> [Exercise objective]
Output all entries verbatim, dropping pictures.

> [Available records]
================

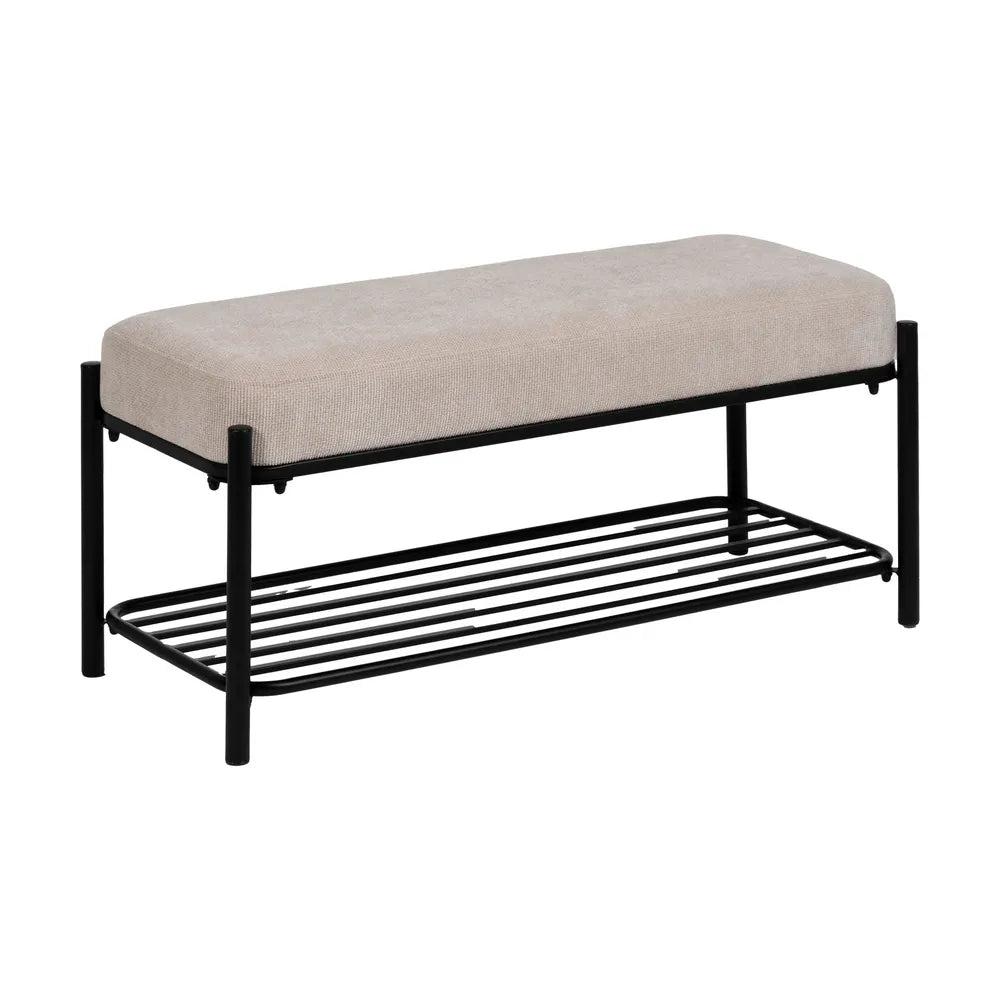 Bancuta BRIC 91 X 36 X 45 CM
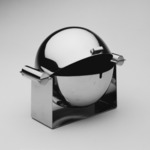 Caviar Server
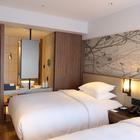 사진 찍기 좋은 매장 코트야드 나고야 썸네일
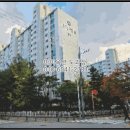 두정서해그랑블아파트 | [천안아파트경매] 2025타경 743♣ 천안시 서북구 두정동 665 서해그랑블아파트 104동 경매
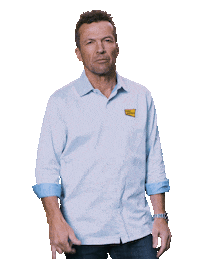 Euro 2020 Reaction Sticker by Interwetten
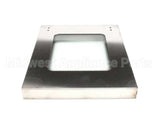 4440746 Southbend Range Kit,Panel, Outer, Left,Vert,Tv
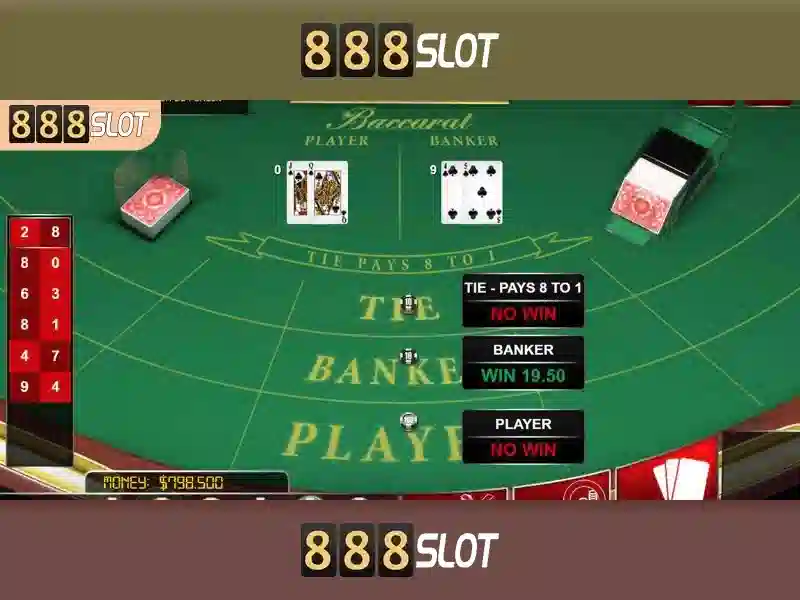 💎phòng khám bác sĩ nguyễn anh danh💎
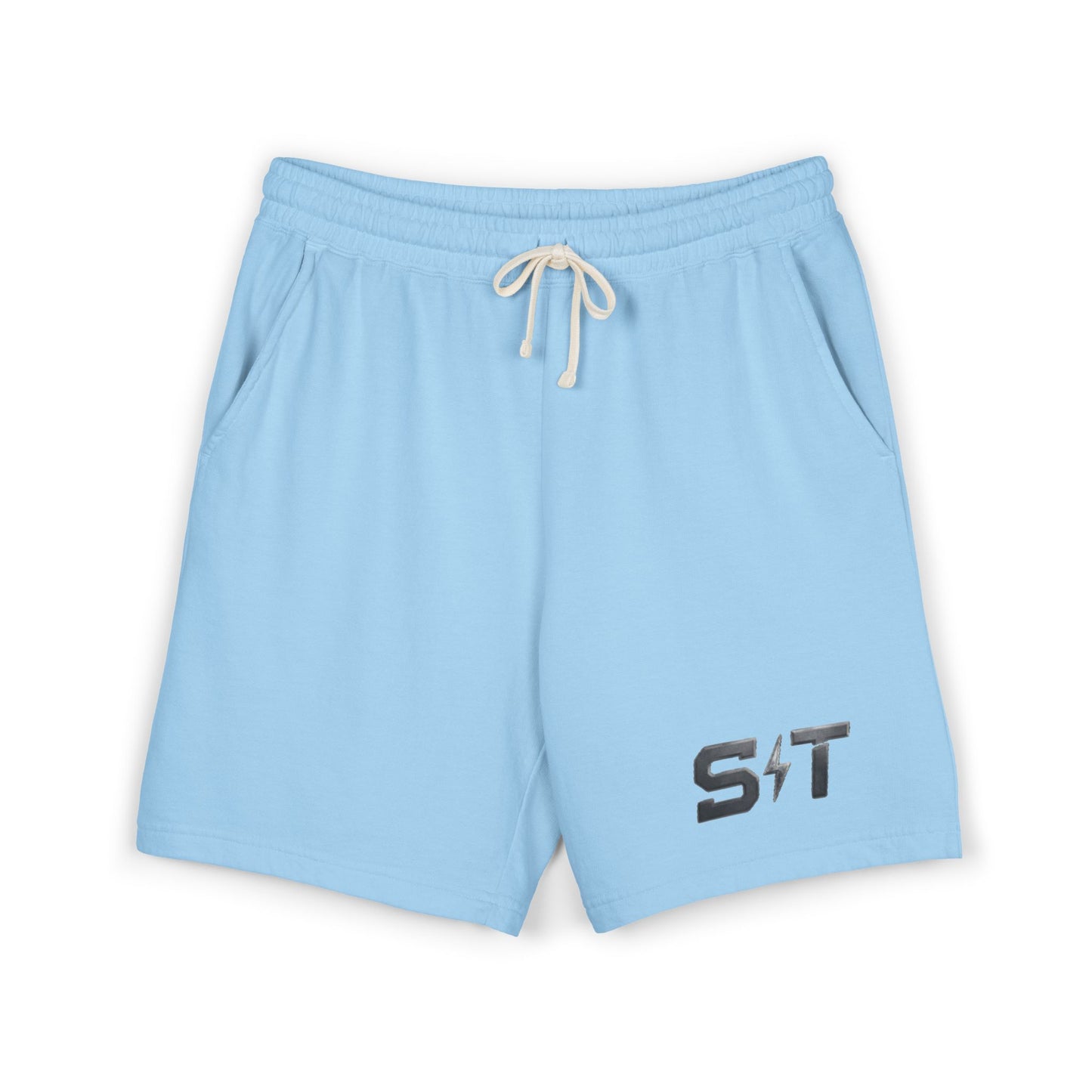 ST Shorts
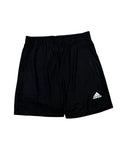 Pantaloneta Adidas Core Motion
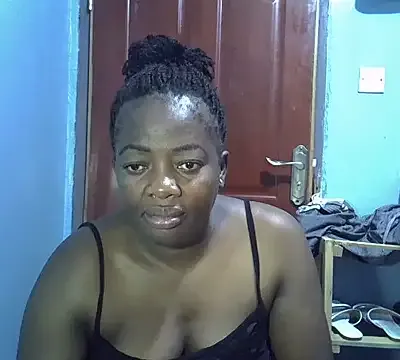 Ebonyceline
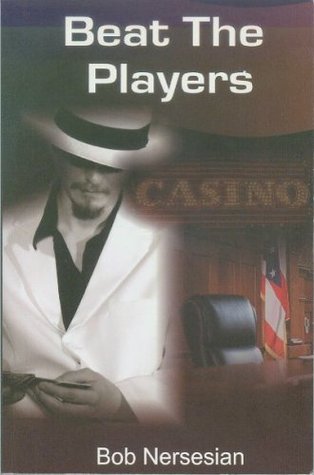Beat the Players (Kindle Edition)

================

> [Output of the exercise]
 Bancuta BRIC 91 X 36 X 45 CM
 Caviar Server
 사진 찍기 좋은 매장 코트야드 나고야 썸네일
 두정서해그랑블아파트 | [천안아파트경매] 2025타경 743♣ 천안시 서북구 두정동 665 서해그랑블아파트 104동 경매
 Euro 2020 Reaction Sticker by Interwetten
 4440746 Southbend Range Kit,Panel, Outer, Left,Vert,Tv
 💎phòng khám bác sĩ nguyễn anh danh💎
 ST Shorts
 Pantaloneta Adidas Core Motion
 Ebonyceline
Beat the Players (Kindle Edition)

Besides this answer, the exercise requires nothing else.